The money will be used for post-production costs of a documentary about legendary pro wrestler Von Raschke, aka "The Claw," directed by Phil Harder.
The filmmakers already have spent two years gathering documentary footage from the 1960s and '70s, Raschke's heyday as the Baron. His fearsome German wrestler often attacked opponents with the Brainclaw grip, which was sometimes censored in TV as too violent and disturbing.
Photographer Karl Raschke, son of the wrestler, is on board as a producer of the movie.
Recreated scenes are mixed with film footage to explore the growth of pro wrestling in this era as well as the mild-mannered Nebraskan, Jim Raschke, who settled in Minnesota and raised a family that includesTwin Cities journalist Heidi Raschke.
As of Monday noon, there were 219 backers pledging $27,286 to help fund completion of the movie. The campaign officially closes on Tuesday.
Music and tragic episodes in history come together this weekend in Mankato.
At a concert Sunday afternoon, the Mankato Symphony Orchestra, an 80-piece ensemble, will perform music of composers Stephen Paulus ("To Be Certain of the Dawn") and Michael Daugherty (“Trail of Tears”).
The Daugherty piece was inspired by the 1838-39 forced removal of American Indians from their southeastern U.S. homelands. Paulus' oratorio is based on photographs taken during the Holocaust, some of which will be projected during the performance.
Kenneth Freed, music director (and a violist with the Minnesota Orchestra) will conduct the concert (3 p.m. Sunday at Mankato West High School Auditorium). Guest artists at the concert include Mankato State University Concert Choir; Musicorum; Mankato Children’s Chorus Concert Choir; Minnesota Chorale; Angela Mortellaro, soprano; Abigail Fischer, mezzo soprano; Brad Benoit, tenor; Kimm Julian, baritone; and Jill Mahr, flute.
Concert tickets are $25 for adults. 507-387-1008 or www.mankatosymphony.com.
Mankato State University is hosting a related panel discussion on Friday (noon-2 p.m. at the Centennial Student Union) that is intended to bring attention to the U.S.-Dakota War, and the hangings of Native Americans that occurred in Mankato in 1862. Panelists will include: Kenneth Freed, Mankato Symphony Orchestra music director; Dave Larsen (Mdewakanton Dakota), former tribal chairman of Lower Sioux Indian Community, and former director of American Indian Affairs at MNSU/Mankato; Father Michael O’Connell, co-commissioner of “To Be Certain of the Dawn”; Rabbi Joseph Edelheit,co-commissioner of “To Be Certain of the Dawn”; and Annamarie Hill-Kleinhans (Red Lake Ojibwe), Minnesota Indian Affairs executive director.
You're STILL a good man, Charlie Brown -- not to mention box-office gold.
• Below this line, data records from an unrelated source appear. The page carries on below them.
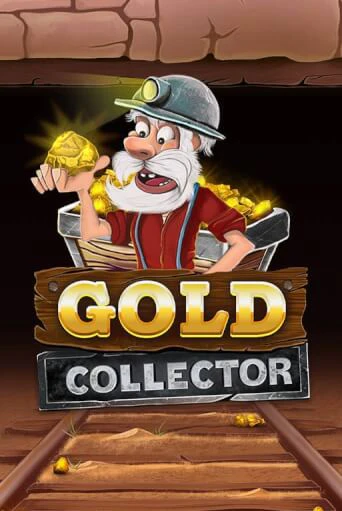 Gold Collector от Games Global демо версия | VAVADA без регистрации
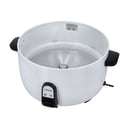 قدر الرز الكهربائي 8 لتر Rice Cooker من Olsenmark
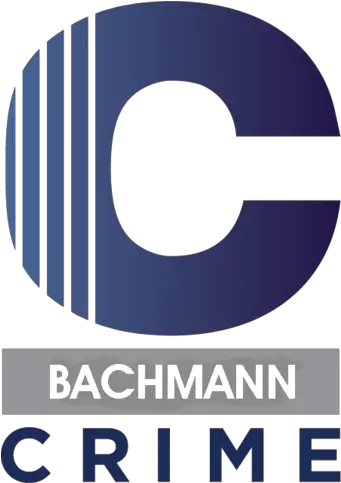 Bachmann Crime Dream Logos Wiki Fandom Hell And Back Png Tom And Jerry Logos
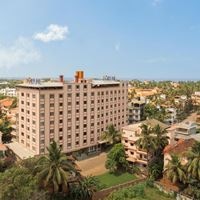 ყველა preview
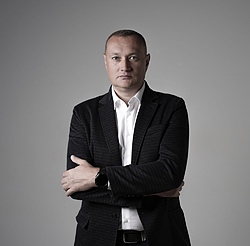 Константинов Сергей Николаевич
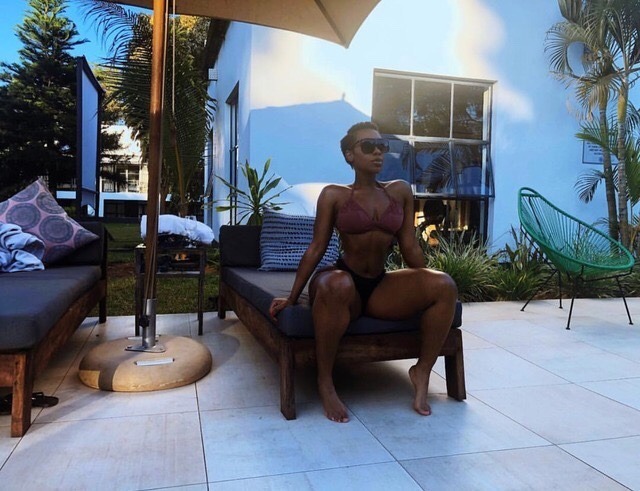 wifeyblogin:  
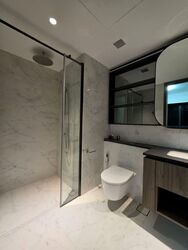 Tanah Merah Kechil Link (D16), Condominium #575496451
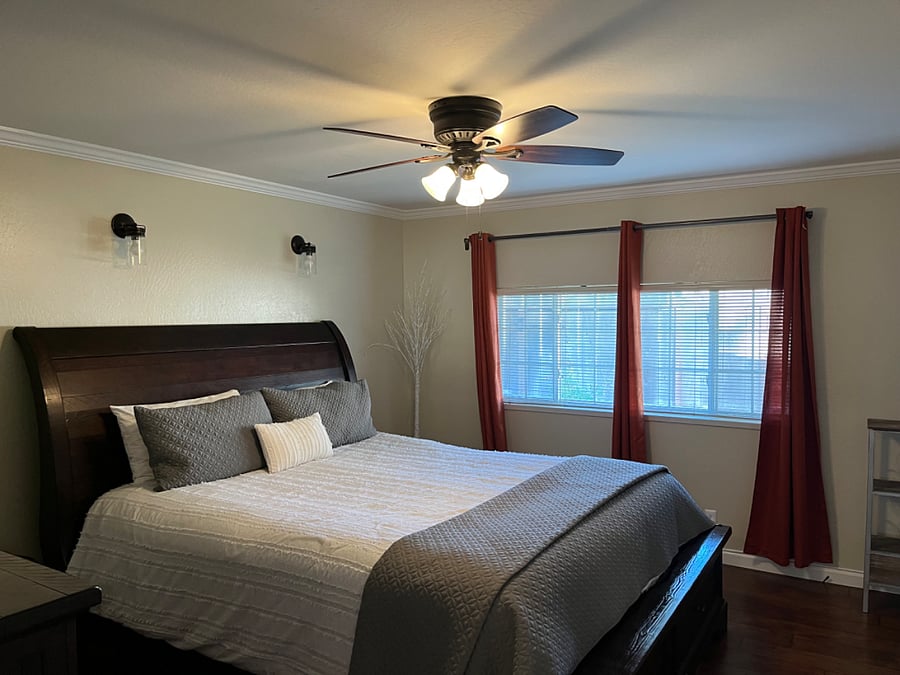 Furnished Finder property 602679_1 photo 13
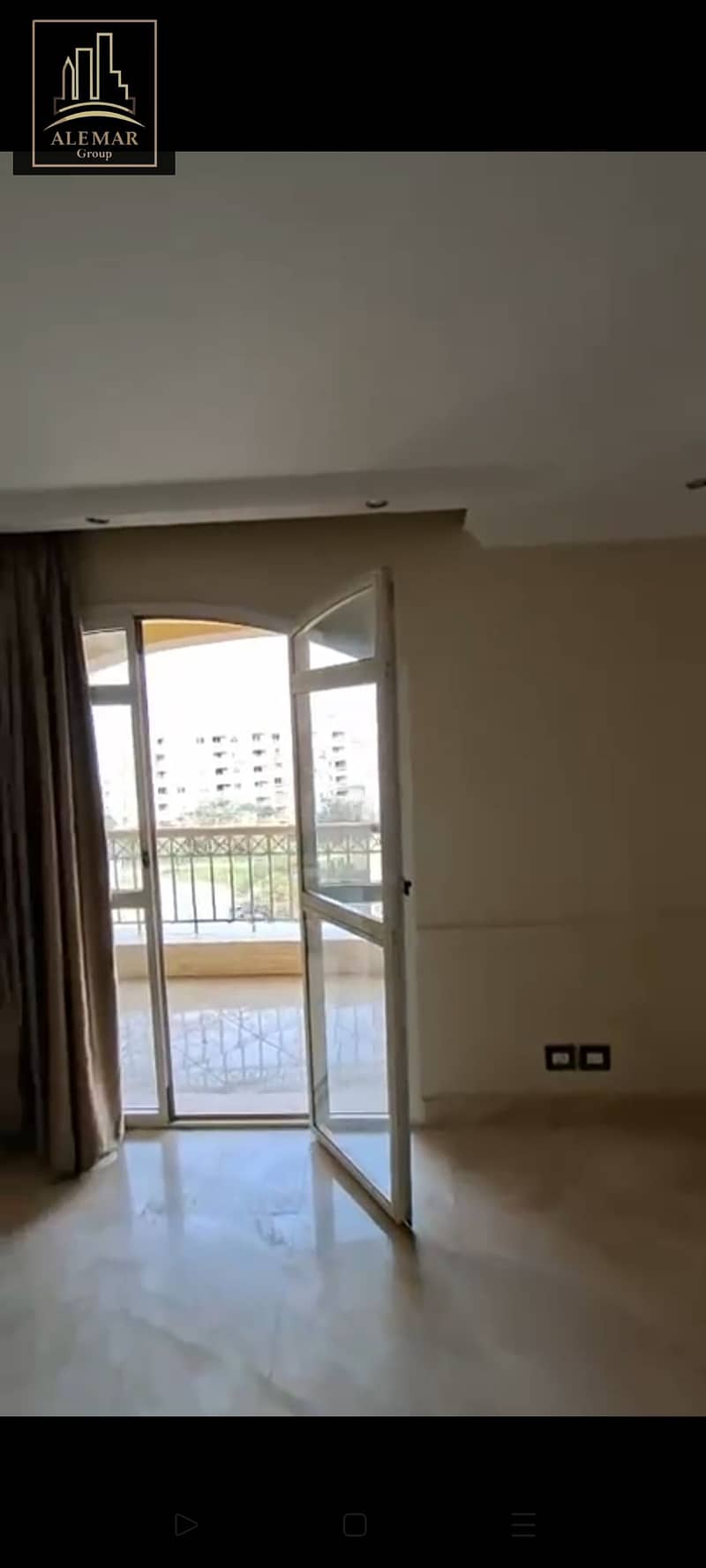 3 1000718850. jpg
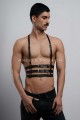 Erkek Harness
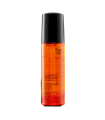 Sérum éclat beauté minute - 30ml - PEGGY SAGE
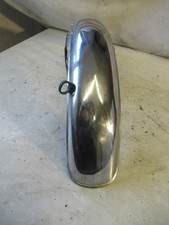 Paraspruzzi parafango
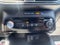 2024 Ford Escape ST-Line Front-Wheel Drive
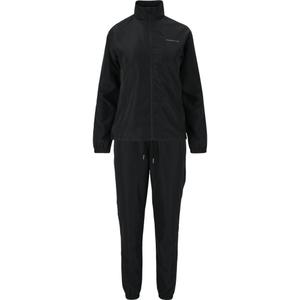 product/e/n/endurance_e224344-1001_black_1.jpg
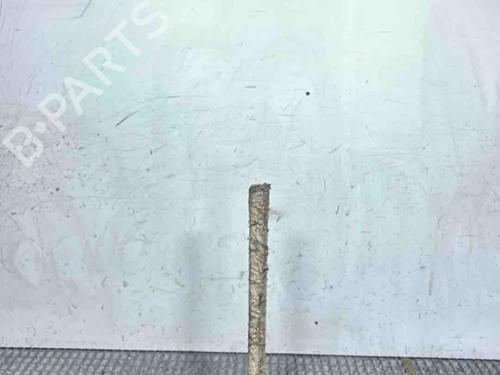 Used Grille Grille 37279624 37279624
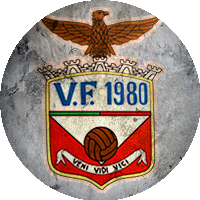 Logo Vila Fria 1980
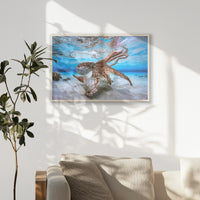 PN-093W062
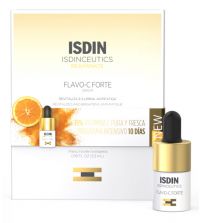 Isdinceutics Flavo-C Forte | 5,3 ml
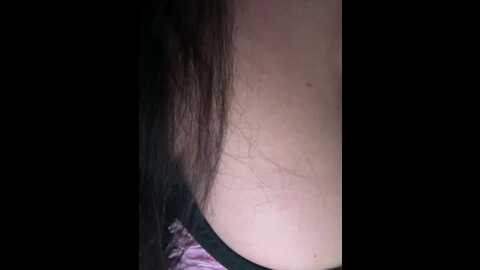 vagnermur @ bongacams on 20231220
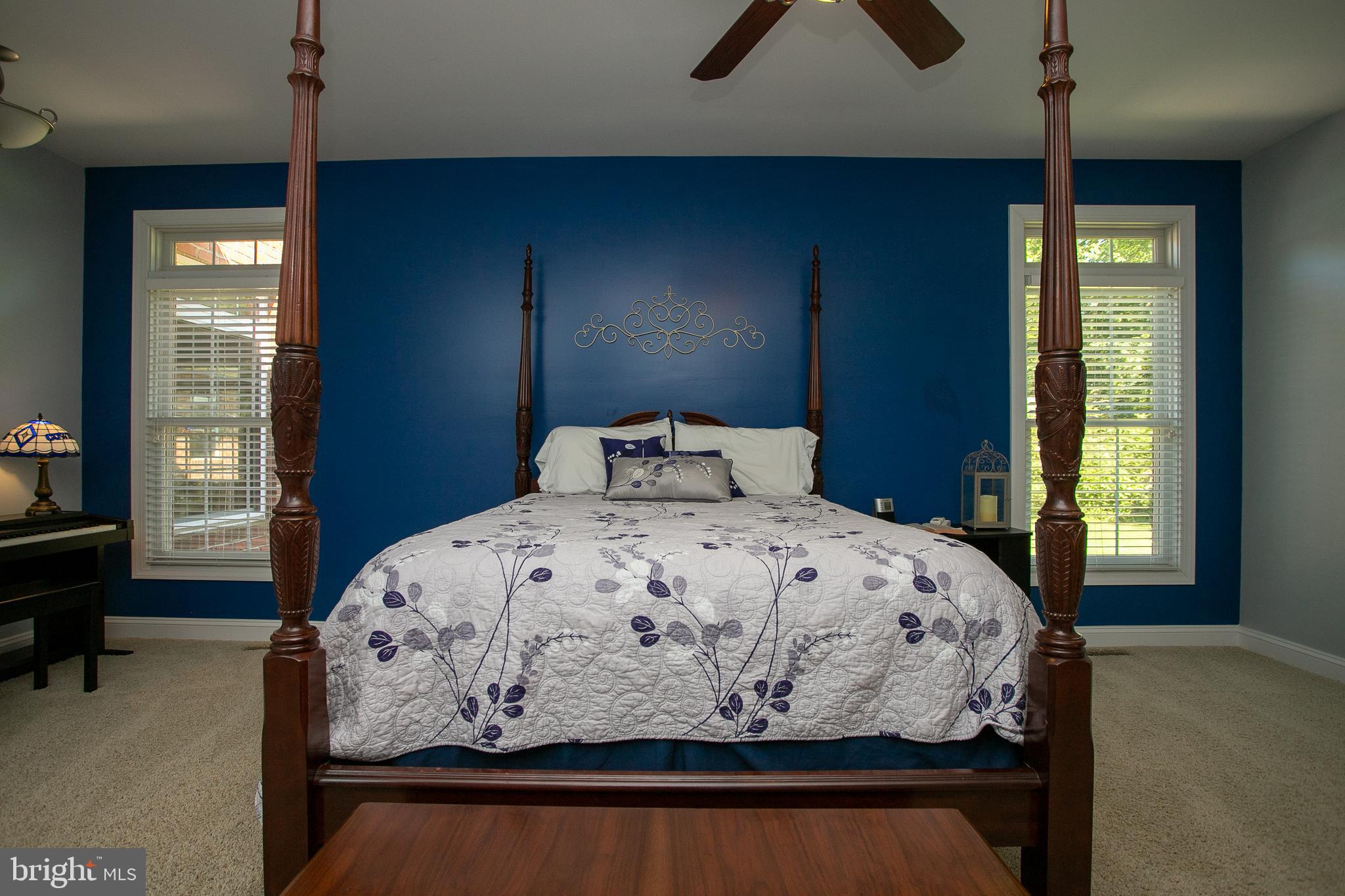 20460 Piney Point Road Callaway, MD 20620 - Photo 50 of 64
Peanuts Worldwide, a joint venture with Charles M. Schulz Creative Associates, will release a yet-to-be-titled film about Charlie, Snoopy, Lucy, Linus, Schroeder, Peppermint Patty et al. on Nov. 25, 2015, 50 years after the premiere of the holiday TV classic "A Charlie Brown Christmas."
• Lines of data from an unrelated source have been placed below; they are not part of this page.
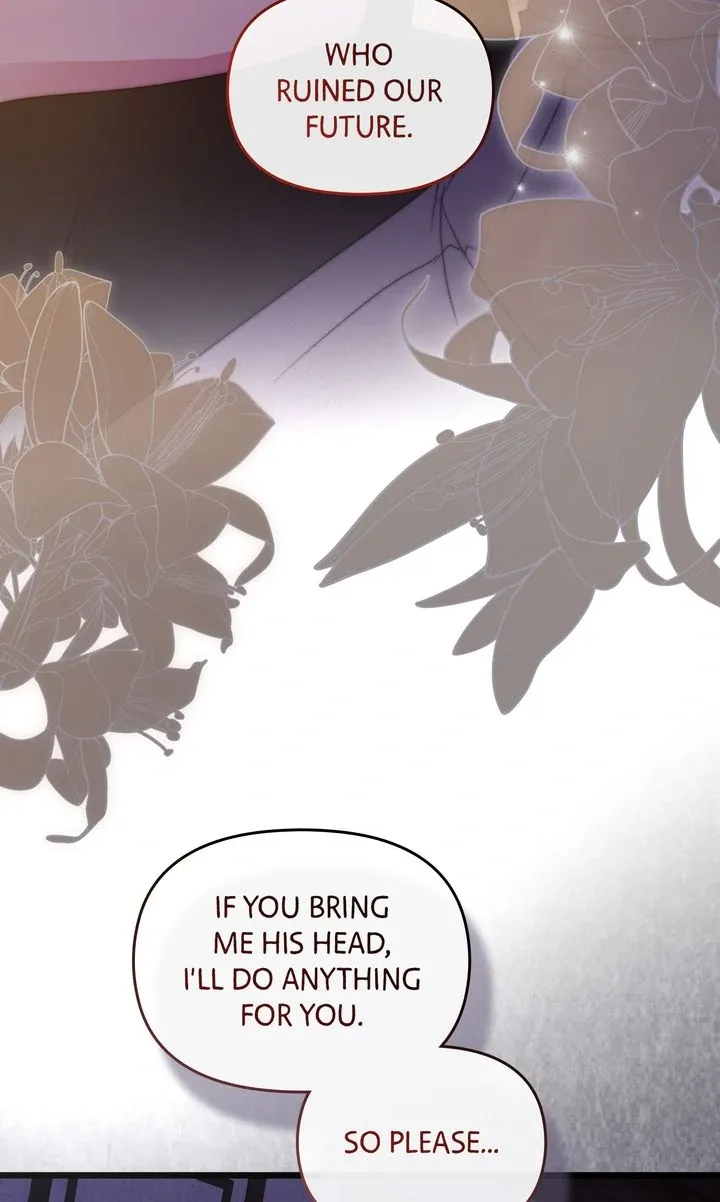 Read Please Save Me chapter 74 image 73 on Lezhin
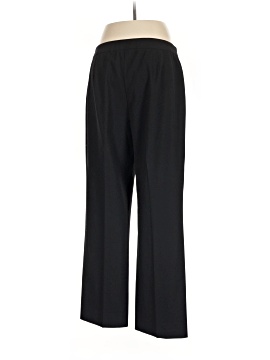 Lafayette 148 New York Dress Pants (view 2)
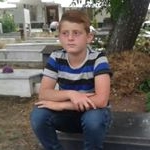 Profile Picture of parham (@987654321parhammoghadam) on Instagram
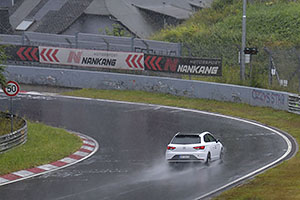 Nurburgring 2024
"Peanuts," the most popular comic strip of all time, was created by Minneapolis native Charles Schulz, who died in 2000. His son Craig, head of CMS Creative, has written the screenplay along with his own son, Bryan, and will produce. Steve Martino, who co-directed "Ice Age: Continental Drift," will direct the film, to be distrubuted by Twentieth Century Fox.
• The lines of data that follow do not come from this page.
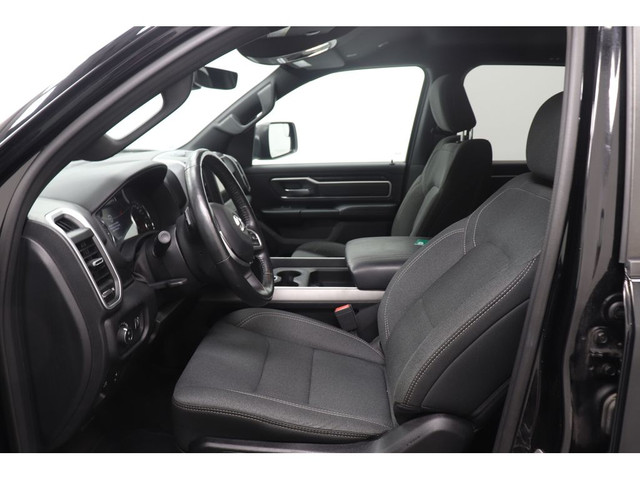 2020 Ram 1500 BIG-HORN AWD, V8 5.7L, SPORT-PKG, CARPLAY in Cars & Trucks in Longueuil / South Shore - Image 2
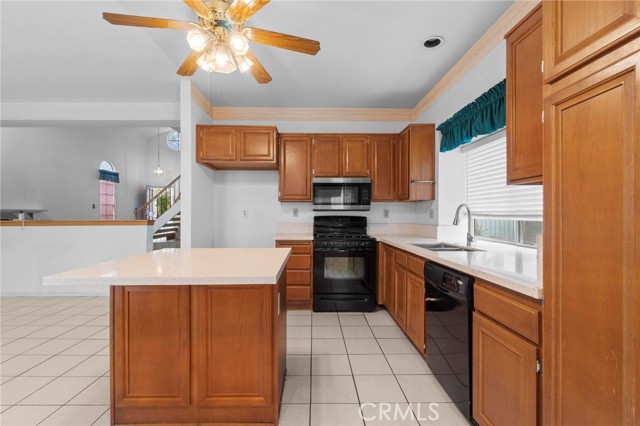 6225 Gamay Court, Rancho Cucamonga CA: https://media.crmls.org/medias/95fe2295-fb6c-43f4-bd23-d43d336fe6cf.jpg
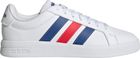 Grand Court Base 3.0 Shoes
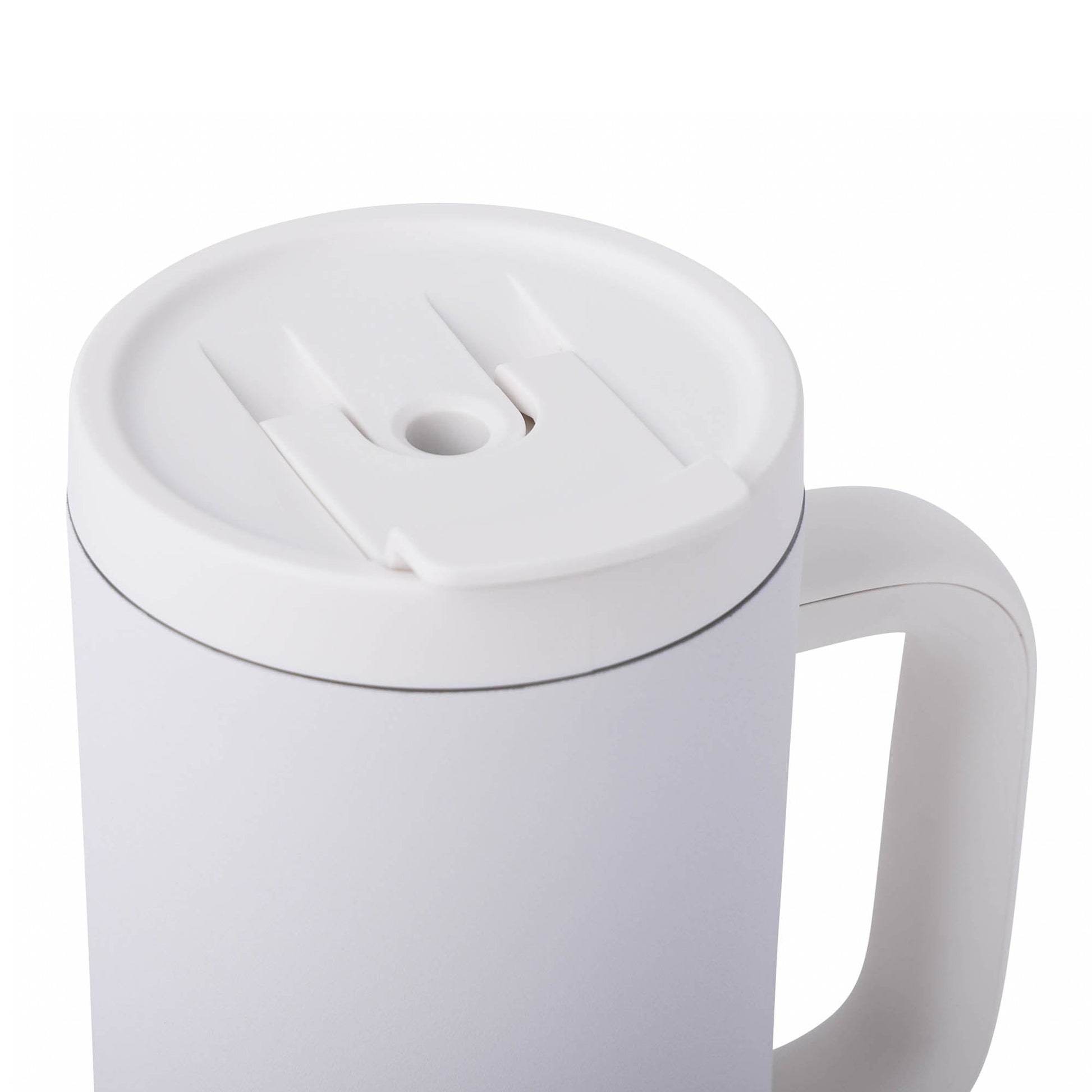 40-oz-leisure-tumbler-v3 CoreHome_MannaHydration_Whites_Raw-42.jpg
Veteran preservationist Doug Gasek has been named Executive Director of the Preservation Alliance of Minnesota (PAM). The Minnesota organization, based in St. Paul, promotes understanding of Minnesota history and education about community preservation and values.
Prior to taking the Minnesota job, Gasek held a dual post as Executive Director of the Alaska Association for Historic Preservation and as State Architectural Historian for the Alaska Department of Parks and Outdoor Recreation. In his preservation role he increased membership, revenue and strategic partnerships with public and private organizations. Previous to that he served as historian and archaeologist for the U.S. Department of Agriculture.
He holds a M.A. in historic preservation from Southeast Missouri State University and a B.A. in history from the University of Wisconsin-Madison.